Our Dell MD3660i arrays want by default for me to set up DDP (disk pools), rather than disk groups.
I understand how to set up multipathing with disk groups and ESXi 5.1, but I am unsure about disk pools (DDP). There is little documentation on this as DDP arrived in a relatively new firmware release.
Has anyone integrated shared storage on a Dell MD3 array set up with DDP with ESXi 5.1?
DDP is very appealing as it has fast rebuild times, lots of spindles (IOPS) and great coverage on disk failure.
ok, I nave completed setting up a test environment with DDP and it seems to work well with multipathing.
The setup is
So two subnets across two controllers.
The controllers are attached to two dedicated switches, one for each subnet.
Create vSwitch1 with one vmkernel 192.168.130.103 with a 1:1 ratio to one vnic
Create vSwitch2 with one vmkernel 192.168.131.103 with a 1:1 ratio to the other vnic
Plug the nics into the relevant switch for each subnet.
Add the iSCSI SW adapter. DO NOT port bind the vmks as you should not do this with multiple subnets.
Add to the dynamic discover tab of the iSCSI SW adapter -
Create a disk pool (DDP) with a Virtual Disk.
Create a host group with a host with the iqn of the ESX iSCSI SW adapter.
Map the Virtual disk to the host (LUN mapping)
Enable ALUA ( Asymmetric Logical Unit Access) on the CLI of the ESX host (ssh)
esxcli storage nmp satp rule add -s VMW_SATP_ALUA -V DELL -M MD36xxi -c tpgs_on;
esxcli storage nmp satp set --default-psp VMW_PSP_RR --satp VMW_SATP_ALUA;
Rescan the iSCSI SW adapter and there is your LUN!
I tried various multipath/ failover scenarios by unplugging cables, changing preferred controllers etc and all worked perfectly.
As far as I can tell the configuration looks ok.
I only used disk groups so far but I there shouldn't be a difference in multipathing compared to a disk pool.
So if the MD is properly dicovered as VMW_SATP_ALUA and the right PSP has been asigned you should be ok.
Did you also rebooted a controller and a switch during your failover tests?
Thanks for the reply.
I have not tried rebooting the controller and switch yet. I have tried moving the preferred controller.
What I can see so far from the ESXi perspective is 4 active paths, two with IO only to the preferred controller. If I reallocate the preferred controller the Active IO changes to the other two paths in ESXi. This seems correct.

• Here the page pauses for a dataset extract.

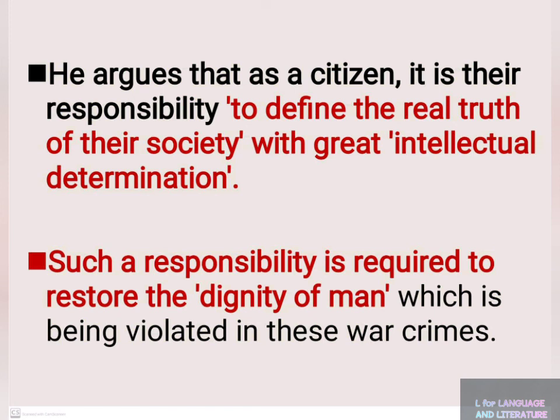As a citizen, we have to find out and define the truth of our society to redefine the dignity of humanity. We will be able to find out any questions related to this chapter in the next video.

If I create a situation where there is only a path to the non preferred controller by unplugging cables, then I get Active IO through the non preferred controller. This seems correct too as the ALUA stuff I think takes the path of greater latency in order to continue IO as the controllers do not know to change preferred controller.
DDP whilst cool, new, offering fast rebuild times and giving great multiple disk failure protection, is slower for streaming reads and random writes than RAID 6.

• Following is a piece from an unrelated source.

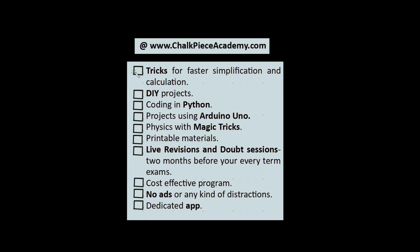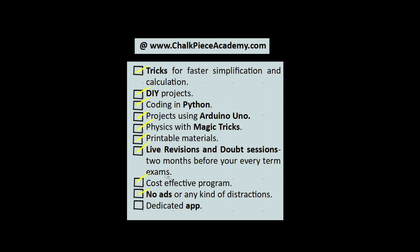Please enroll to our program at chalkpieceacademy.com wherein we will be teaching you a lot more tricks for faster simplification and calculation, DIY projects, coding with Python, projects using Arduino Uno. There are a lot more magic tricks and the physics behind it. There are printable materials which will help you recap and understand things better. We will have live revision and doubt sessions 2 months before your term exams. It's very cost effective. There would be no ads or any kind of distractions and we have a dedicated app to help you guys.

Dells implemetation is also relatively untested in the real world and so hard to find others using it for comparison. I consider this a large risk factor.
Perhaps RAID 10 is a better option. It gives much better performance than RAID 5,6,DDP, and minimal rebuild times. The only downside is the very small chance of two disks in the same mirrored pair failing at the same time. This is VERY unlikely.
DDP is certainly a safer option in this respect, but you could argue that RAID 10 can deal with half the disks failing as long as they are not in the same mirrored pair!
I always think that performance is key on a VMware storage network. If I commit all my 42 2TB drives to a DDP pool and performance is lacking I am stuck. If I RAID 10 all 42 drives then I know performance will never be an issue due to RAID type (maybe just segment size or something else annoying like that!).
The path configuration and failover behavior is looking good.
Personally I prefer performance and usually go with RAID10 to meet the I/O requirements. If you still achieve some reasonable capacity with RAID10 (if you can afford it ) I would recommend to stick with such a configuration.